La participación en los órganos de gobierno universitario, la organización de foros alternativos, la creación de medios de comunicación estudiantiles son manifestaciones de una misma pulsión vital: la necesidad de intervenir activamente en la construcción del espacio que nos forma y nos contiene. Y en este proceso, algo maravilloso ocurre: no solo transformamos las estructuras externas sino también nuestra propia subjetividad. El estudiante que ha experimentado el poder de la organización colectiva nunca vuelve a percibirse como un sujeto pasivo frente a las decisiones que afectan su vida académica y social.
La verdadera emancipación estudiantil no consiste en ocupar los espacios de poder existentes, sino en transformar radicalmente la noción misma de poder dentro de la universidad. La democracia universitaria debería ser el laboratorio donde se ensayan formas más profundas de participación política, donde se experimenta con modelos que podrían luego irrigar el cuerpo social entero. ¿No es este el papel histórico que podría desempeñar la juventud en una sociedad sedienta de nuevas formas de organización?

En los albores de un siglo marcado por crisis múltiples y entrelazadas, la universidad puede convertirse en el espacio donde se gestan las nuevas formas de organización social que con tanta urgencia necesitamos. Para ello, es necesario que los jóvenes trasciendan definitivamente la condición de zombies filosóficos y se atrevan a intervenir su realidad con la radicalidad de quien sabe que, en sus manos, no solo está el futuro de la academia sino los contornos de una sociedad por venir.
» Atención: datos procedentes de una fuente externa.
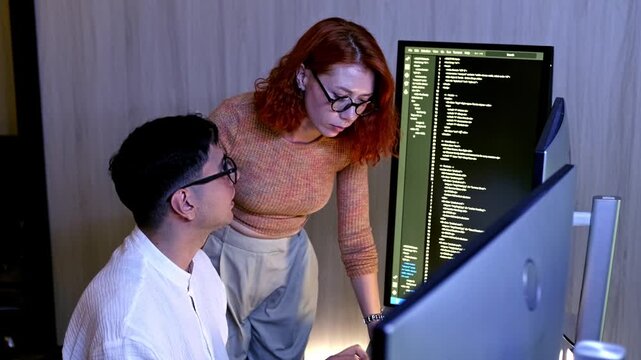 Two programmers collaborate at a dual-monitor workstation, reviewing and debugging code on screen in a modern office.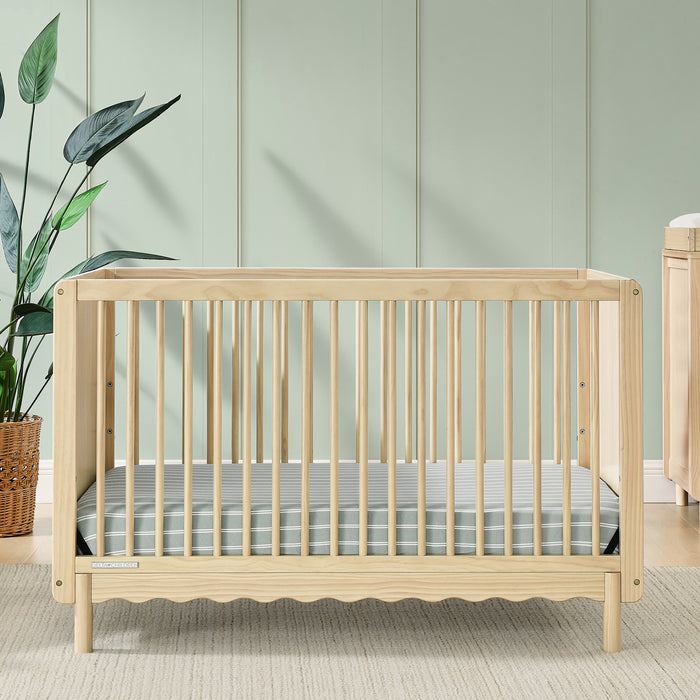 A William 4-in-1 Convertible Crib in beige color with scallop detailing, round spindles, and a light-colored dresser and chair in the background in a nursery room. 3-William 4-in-1 Convertible Crib - Greenguard Gold Certified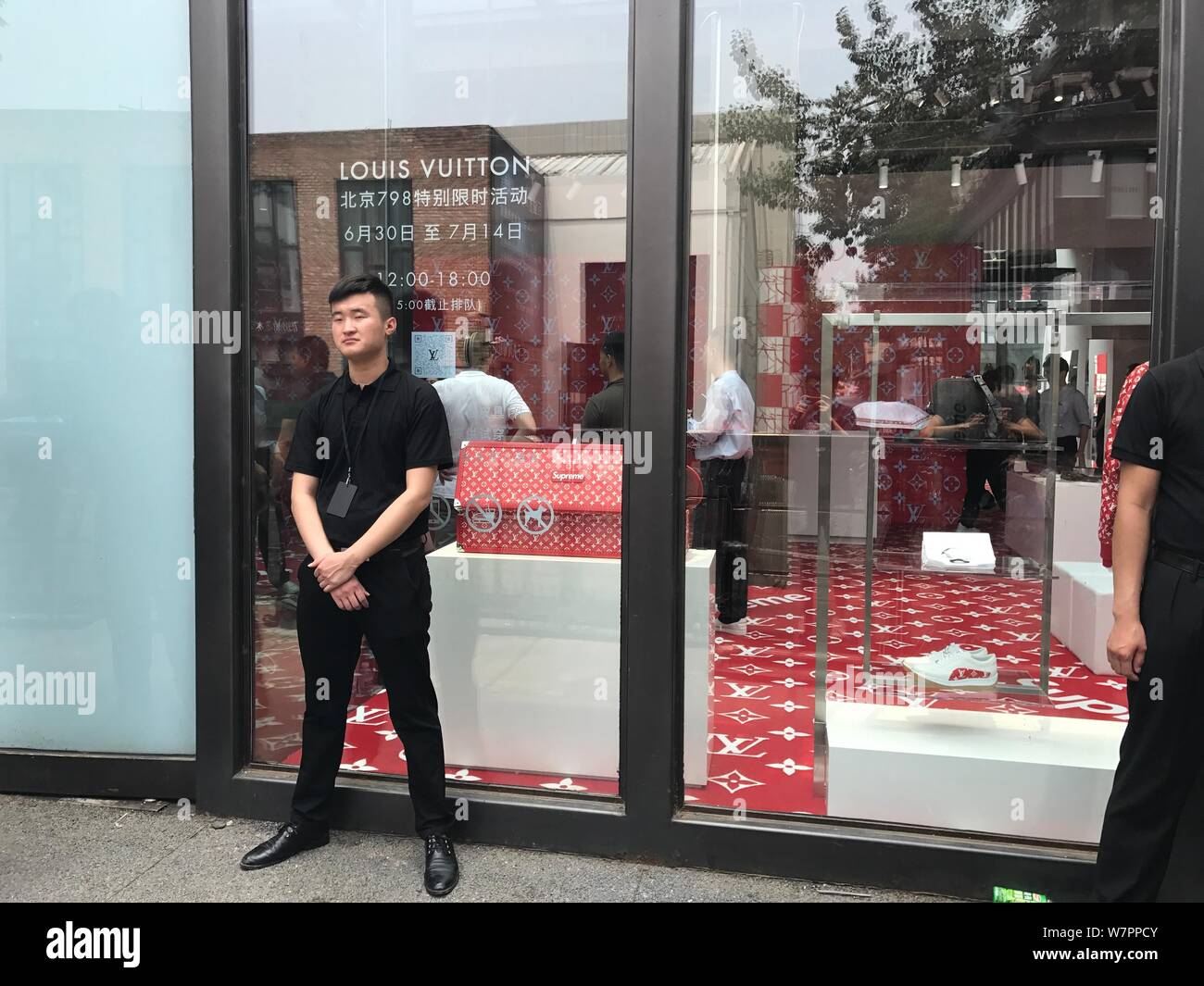 A security staff stands guard in front of a boutique of Louis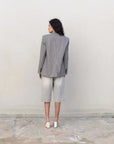 Femme portant un blazer pied-de-poule gris, bermudas en denim clair et mules blanches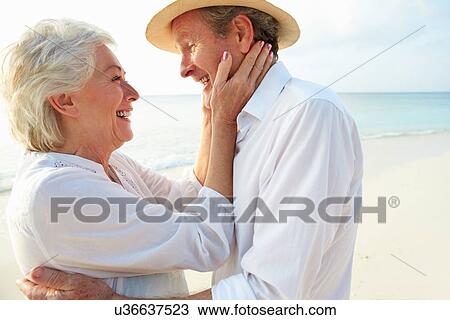 Affectionate Senior Couple On Tropical Beach Holiday View Large Photo Image Stock Image - Affectionate Senior Couple On Tropical Beach Holiday. Fotosearch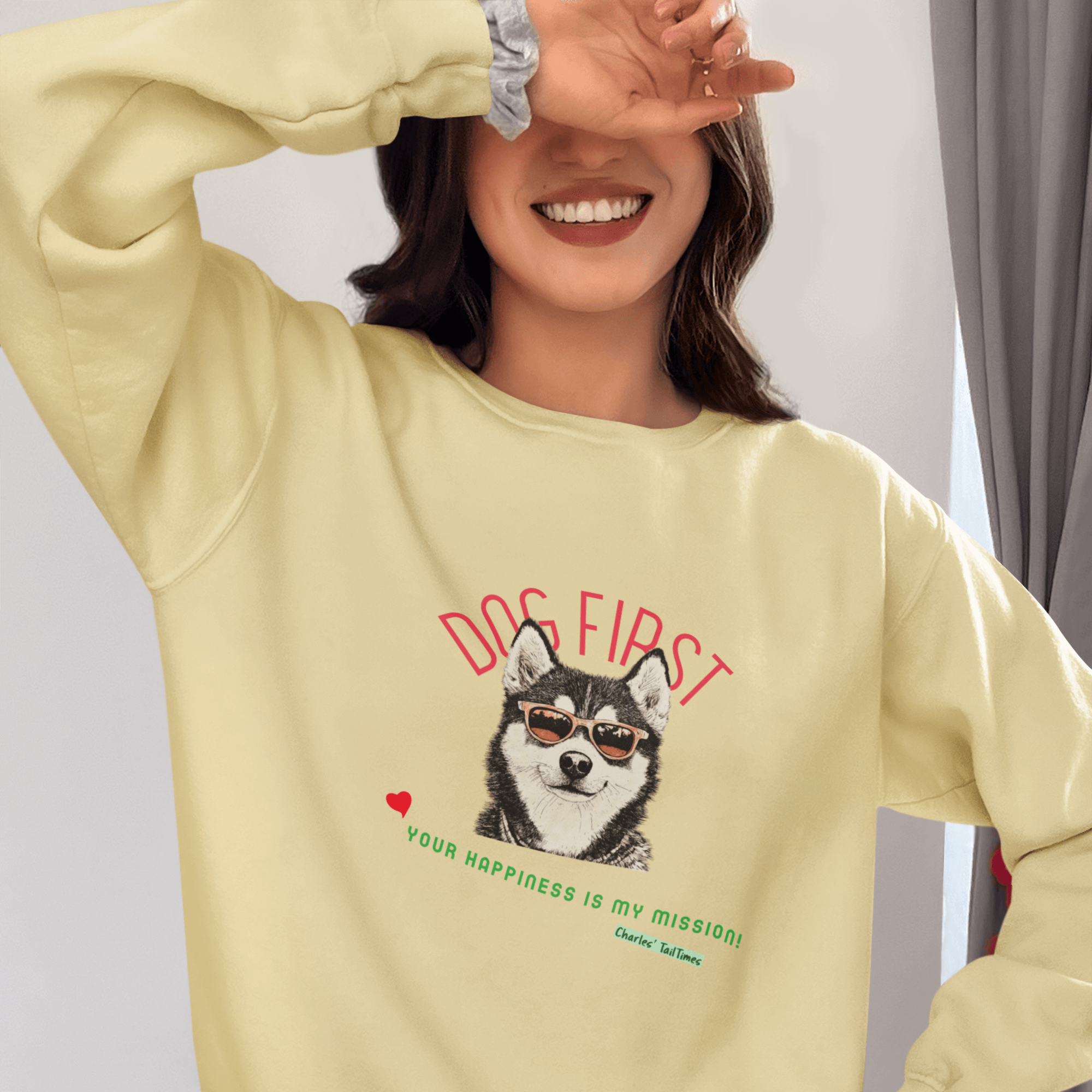 Smiling female model wearing a light yellow crewneck sweatshirt featuring an illustration of a Husky wearing sunglasses, with the text 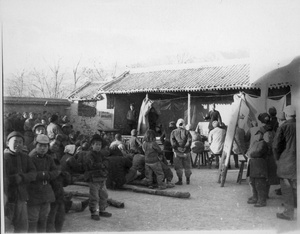 Crowd gathered for a drama performance, listening to a story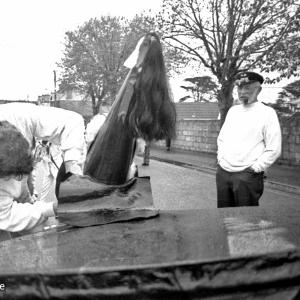 old oss hat being adjusted
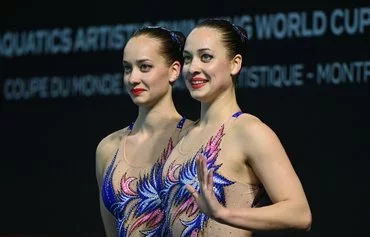 Ukraine's Maryna and Vladyslava Aleksiiva compete in the Women's Artistic Swimming duet technical final during the World Aquatics Artistic Swimming World Cup 2023 in Montpellier, France, on May 5, 2023. [Sylvain Thomas/AFP]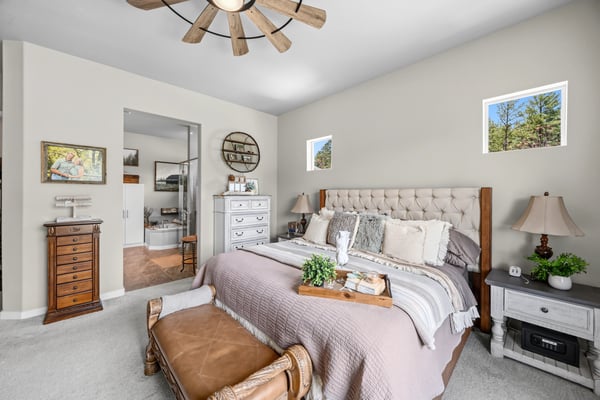 Primary Suite with attached 5 piece bath and walk in closet.
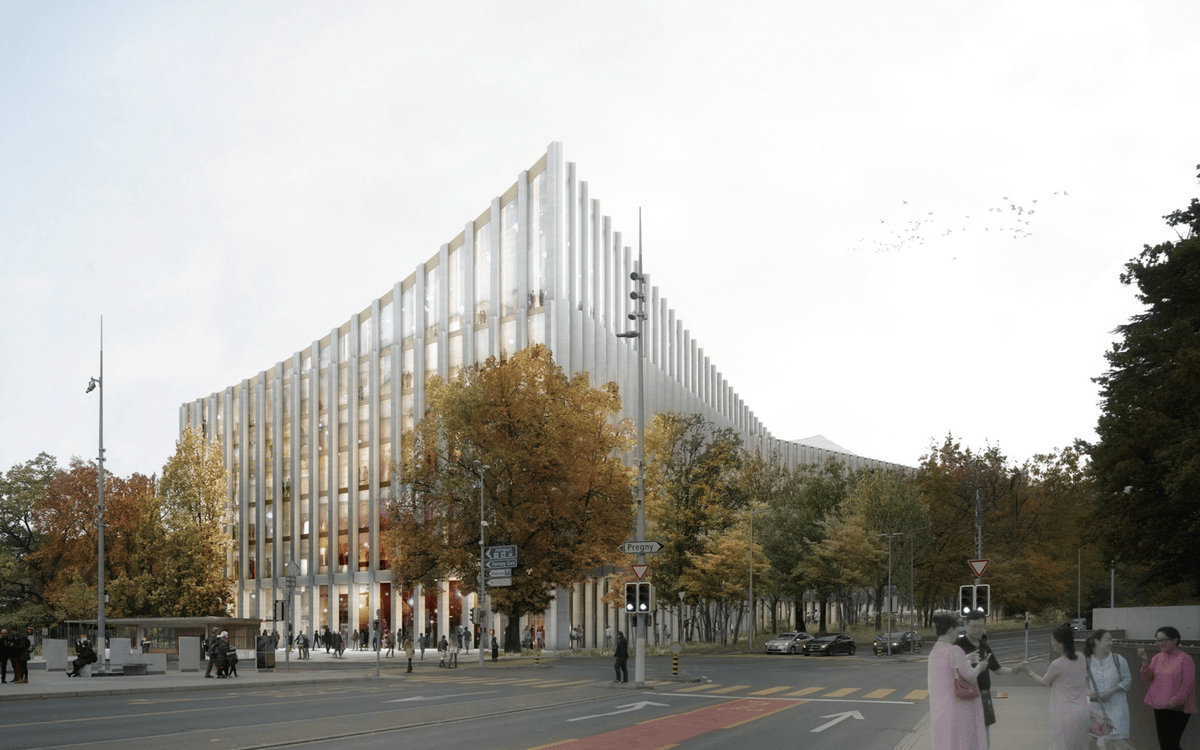 Bâtiment moderne avec façade en verre entouré d’arbres d’automne, situé au coin d’une rue animée.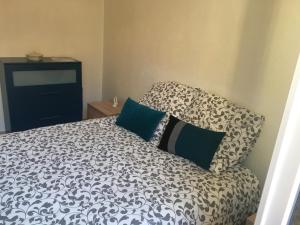 a bedroom with a bed with a black and white comforter at Coeur de village in Bormes-les-Mimosas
¿No es esto, finalmente, lo que significa habitar plenamente la juventud en tiempos de crisis? No solo observar el mundo desde la seguridad de las teorías, sino atreverse a reinventarlo con las manos. No solo analizarlo con brillantez académica, sino ejercer el derecho a transformarlo con pasión visceral. No solo habitarlo como inquilinos temporales, sino decidir colectivamente cómo debe ser refundado.

Es hora de que el murmullo se convierta en voz, la voz en acción, y la acción en la nueva arquitectura de lo posible. En cada joven universitario late la posibilidad de un despertar colectivo que transforme no solo su experiencia educativa, sino el destino mismo de nuestra sociedad. Abandonar la contemplación, habitar plenamente la conciencia crítica y atreverse, finalmente, a tomar en sus manos las riendas de la historia: ese es el desafío que se alza, inaplazable, en el horizonte de nuestro tiempo.